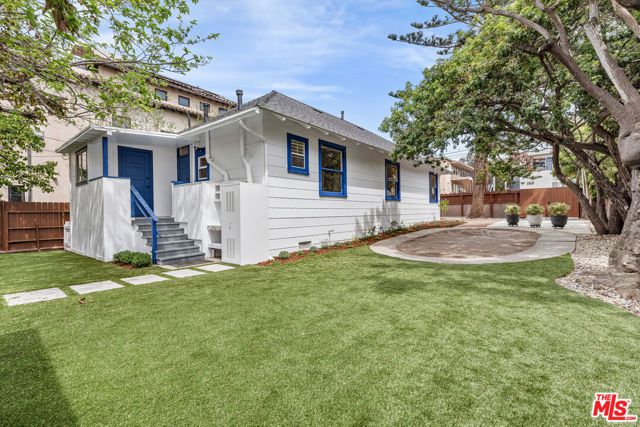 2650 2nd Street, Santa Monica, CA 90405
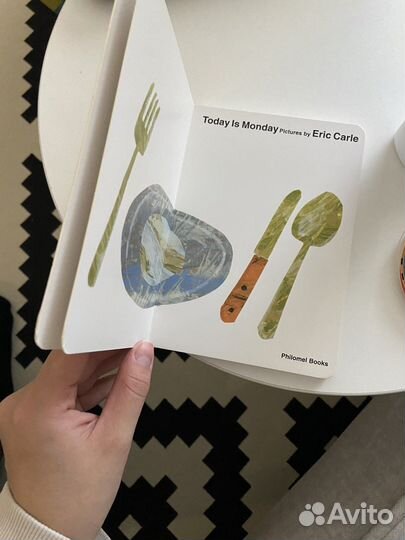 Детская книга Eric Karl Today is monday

...

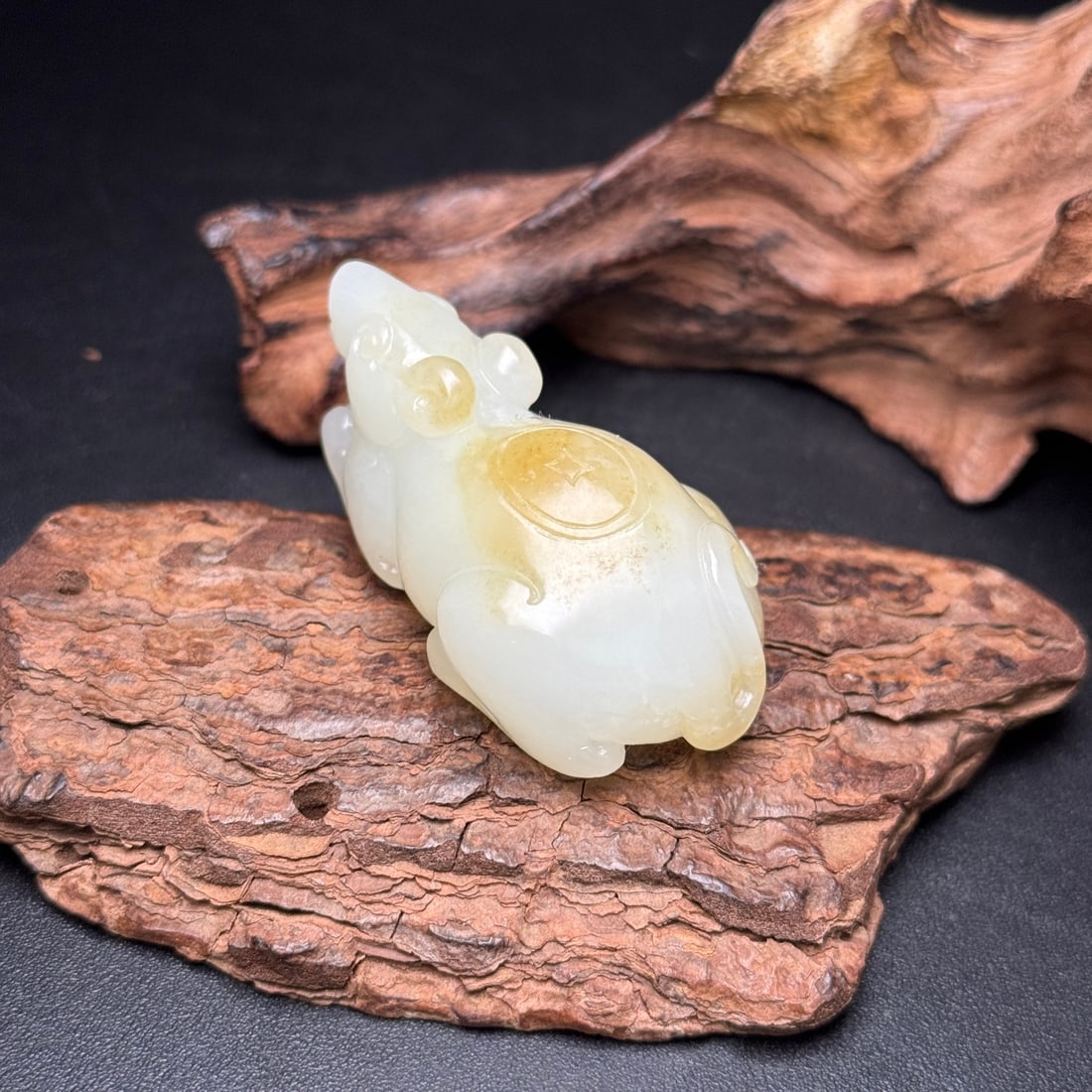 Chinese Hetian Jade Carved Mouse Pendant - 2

Task item: Within the entries above, give again exactly the lines starting at the one that contains "2650 2nd Street, Santa Monica, CA 90405" and ending at the one that contains "Детская книга Eric Karl Today is monday", leaving out the pictures.

Answer to the problem:
 2650 2nd Street, Santa Monica, CA 90405
 Детская книга Eric Karl Today is monday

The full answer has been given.